● ACTIVITY
Reproduce, word for word, the lines in the material below starting with the one that has "Horror movie It" and going on through the one that has "UOTEK 6 Ports". Leave out all pictures.

● RECORDS FOR THIS EXERCISE
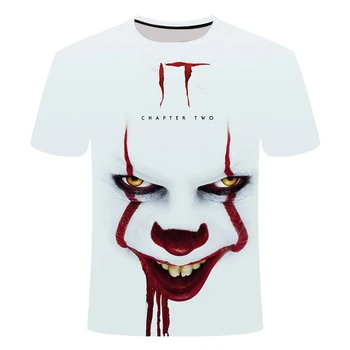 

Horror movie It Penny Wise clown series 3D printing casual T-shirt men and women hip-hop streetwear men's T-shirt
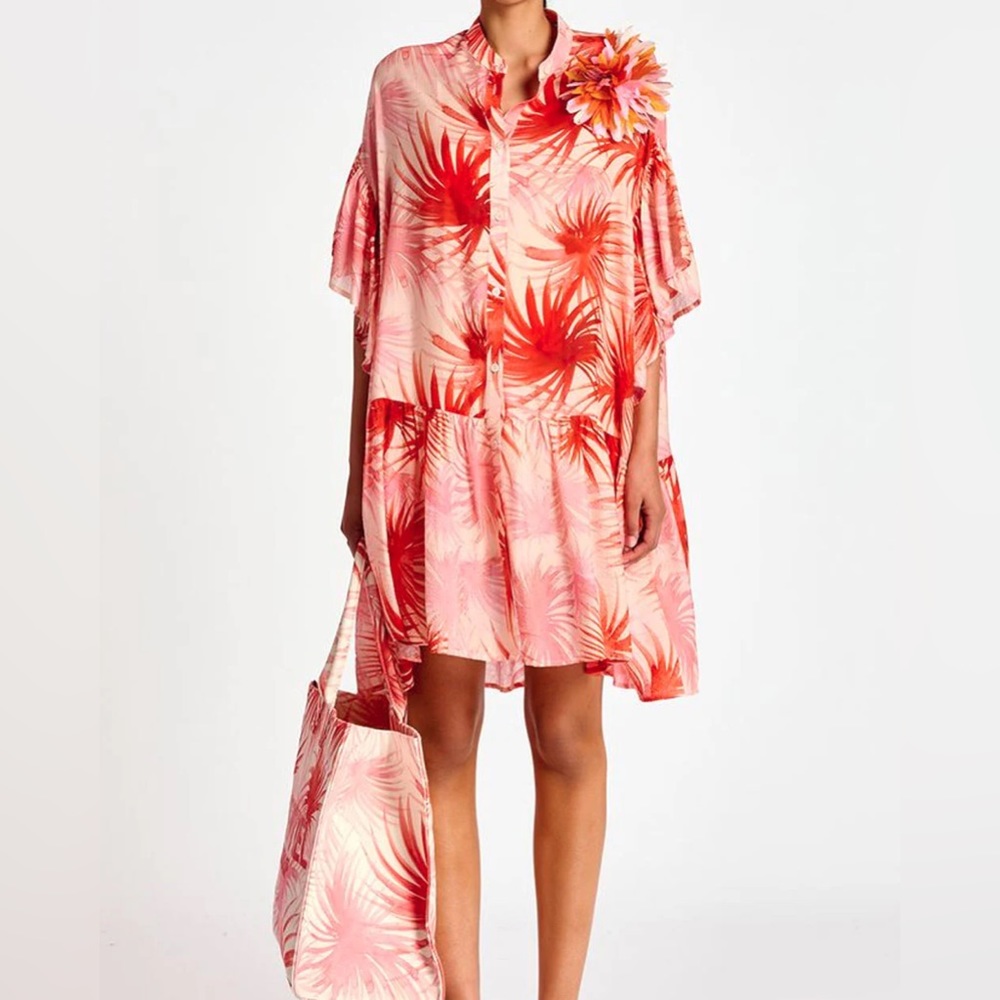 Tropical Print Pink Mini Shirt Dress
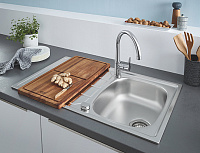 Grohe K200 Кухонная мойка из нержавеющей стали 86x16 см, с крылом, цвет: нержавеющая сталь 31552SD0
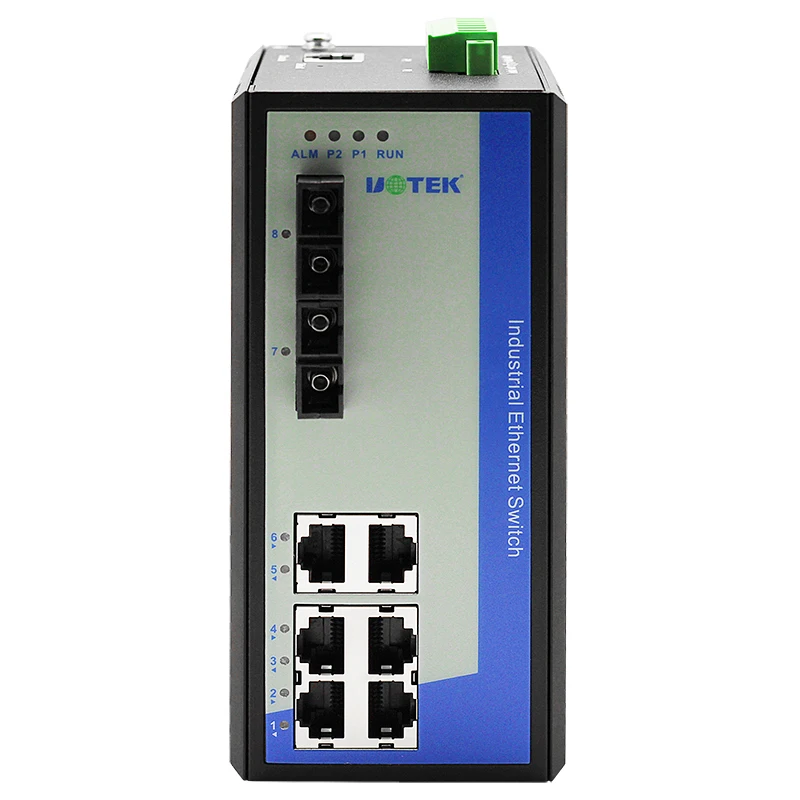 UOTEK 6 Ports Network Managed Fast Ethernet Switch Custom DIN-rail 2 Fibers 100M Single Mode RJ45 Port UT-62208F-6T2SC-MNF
* * *
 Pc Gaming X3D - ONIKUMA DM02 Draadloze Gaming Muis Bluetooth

● RESPONSE AREA
Horror movie It Penny Wise clown series 3D printing casual T-shirt men and women hip-hop streetwear men's T-shirt
 Tropical Print Pink Mini Shirt Dress
 Grohe K200 Кухонная мойка из нержавеющей стали 86x16 см, с крылом, цвет: нержавеющая сталь 31552SD0
 UOTEK 6 Ports Network Managed Fast Ethernet Switch Custom DIN-rail 2 Fibers 100M Single Mode RJ45 Port UT-62208F-6T2SC-MNF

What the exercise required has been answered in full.